- **ASSIGNED TASK**
Each line of the data is to be output verbatim, with the images removed.

- **STUDY MATERIAL**
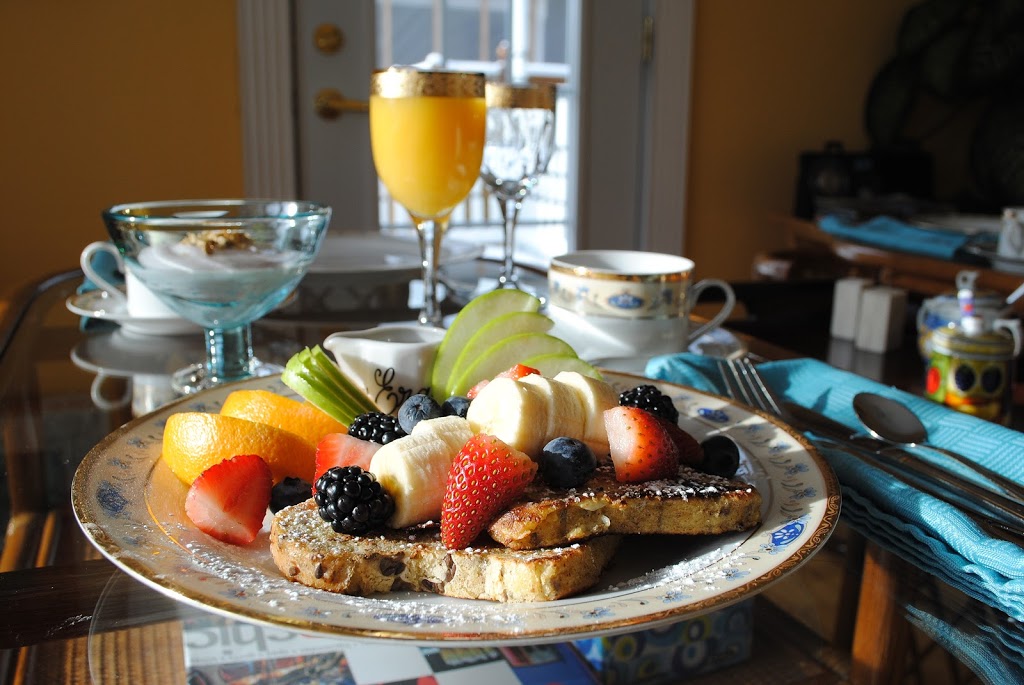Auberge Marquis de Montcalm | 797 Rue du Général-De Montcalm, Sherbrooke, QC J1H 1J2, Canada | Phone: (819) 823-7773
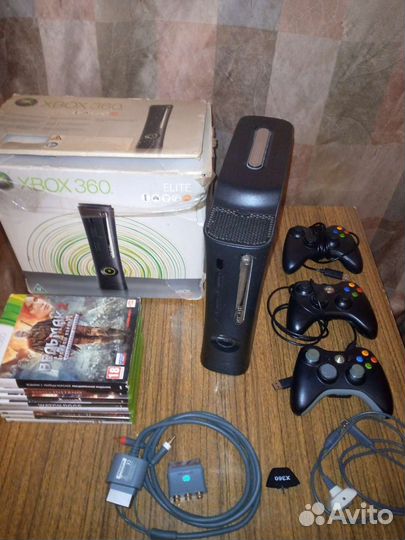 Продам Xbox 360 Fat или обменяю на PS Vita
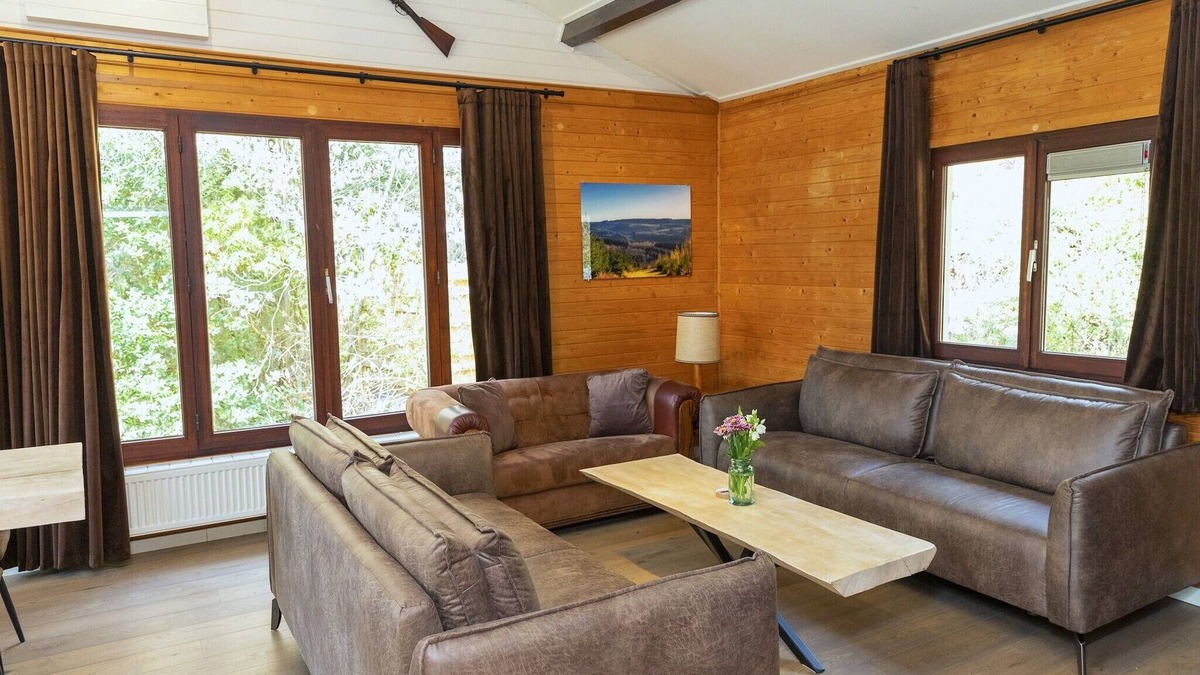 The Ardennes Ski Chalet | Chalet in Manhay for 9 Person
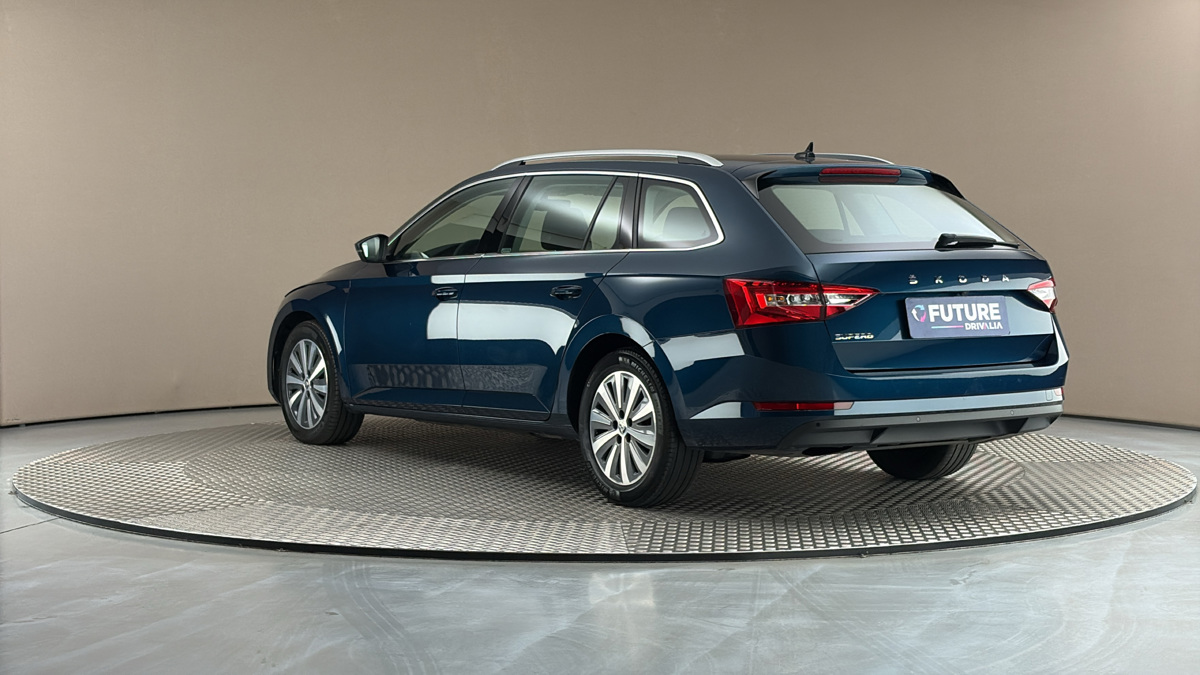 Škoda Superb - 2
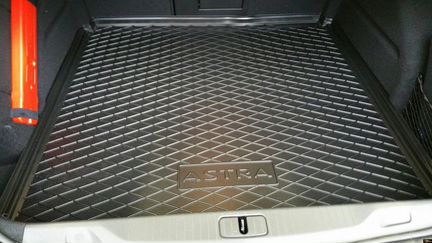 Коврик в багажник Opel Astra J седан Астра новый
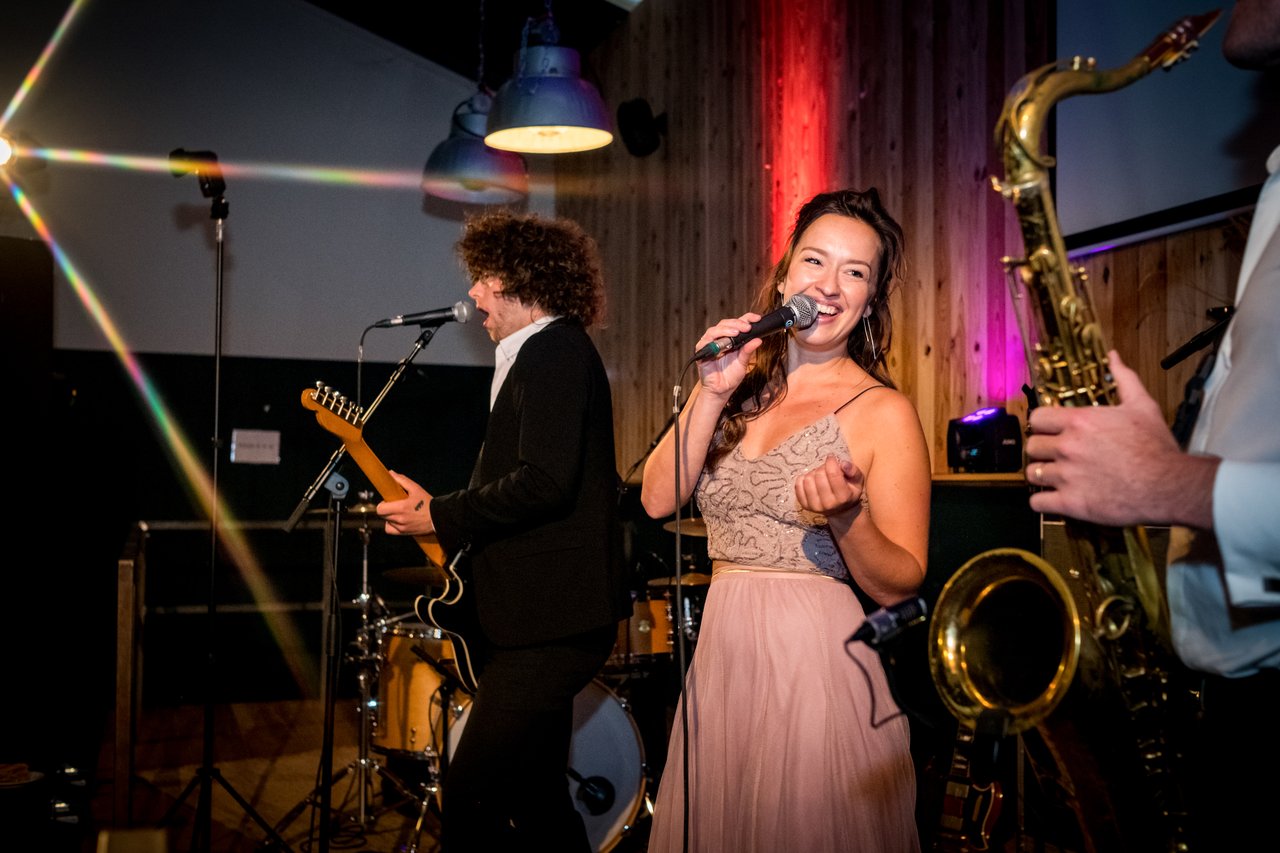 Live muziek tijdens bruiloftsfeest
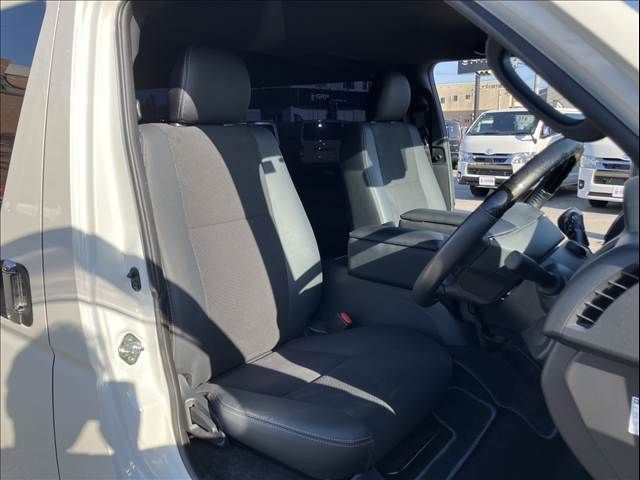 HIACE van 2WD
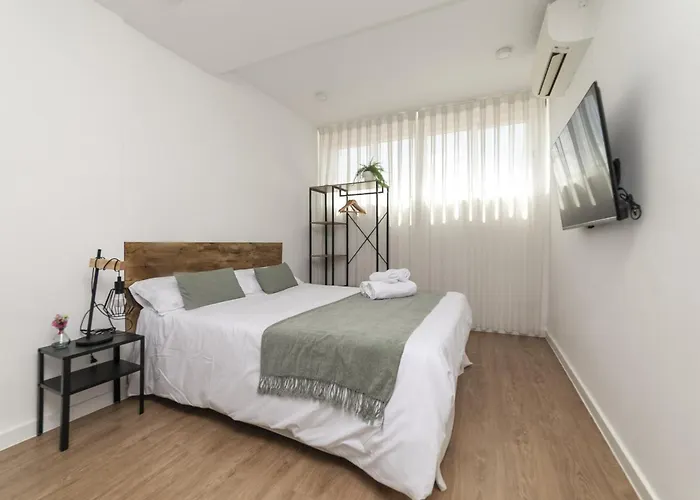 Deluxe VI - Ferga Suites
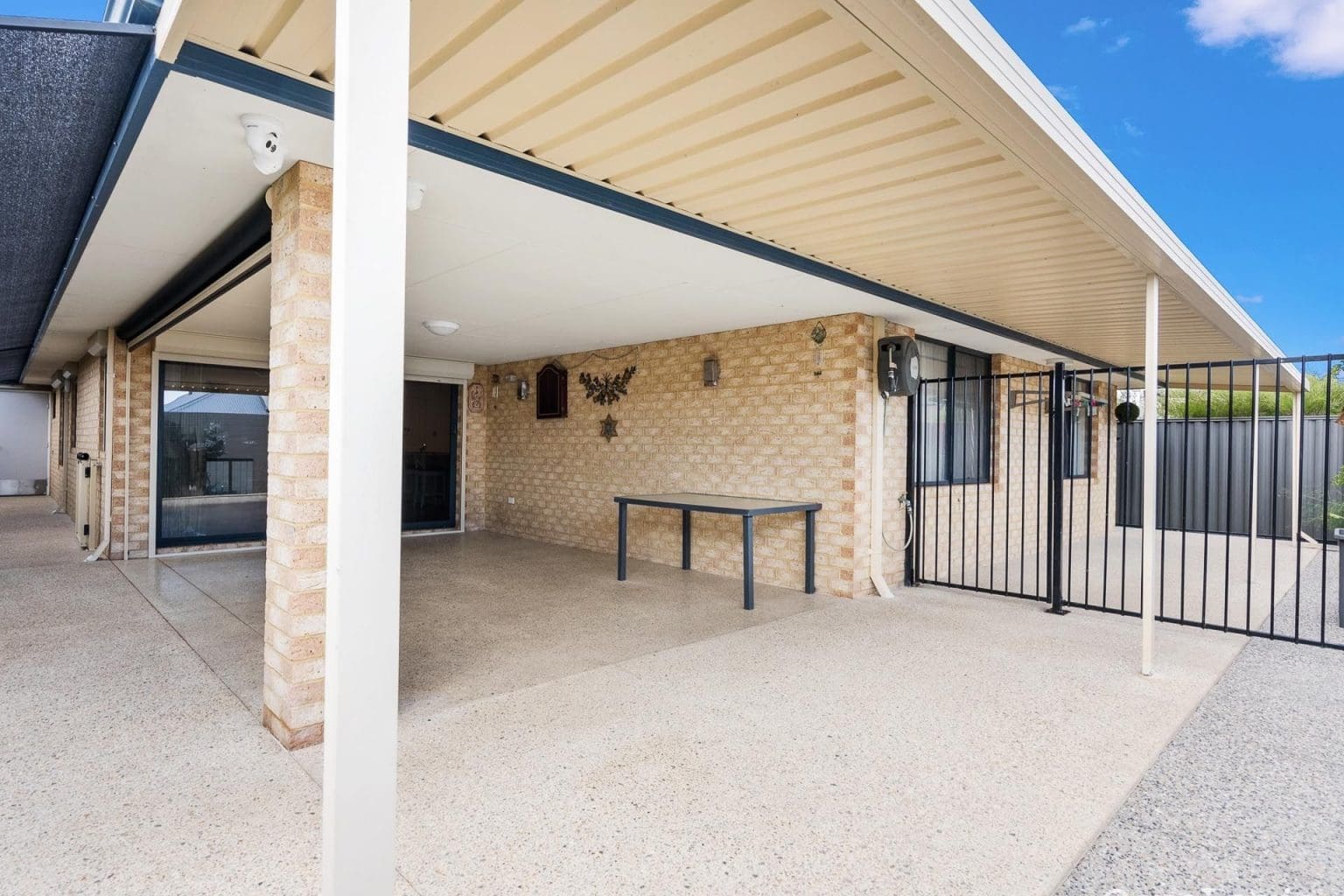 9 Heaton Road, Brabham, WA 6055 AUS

- **RESULT OF THE EXERCISE**
Auberge Marquis de Montcalm | 797 Rue du Général-De Montcalm, Sherbrooke, QC J1H 1J2, Canada | Phone: (819) 823-7773
 Продам Xbox 360 Fat или обменяю на PS Vita
 The Ardennes Ski Chalet | Chalet in Manhay for 9 Person
 Škoda Superb - 2
 Коврик в багажник Opel Astra J седан Астра новый
 Live muziek tijdens bruiloftsfeest
 HIACE van 2WD
 Deluxe VI - Ferga Suites
 9 Heaton Road, Brabham, WA 6055 AUS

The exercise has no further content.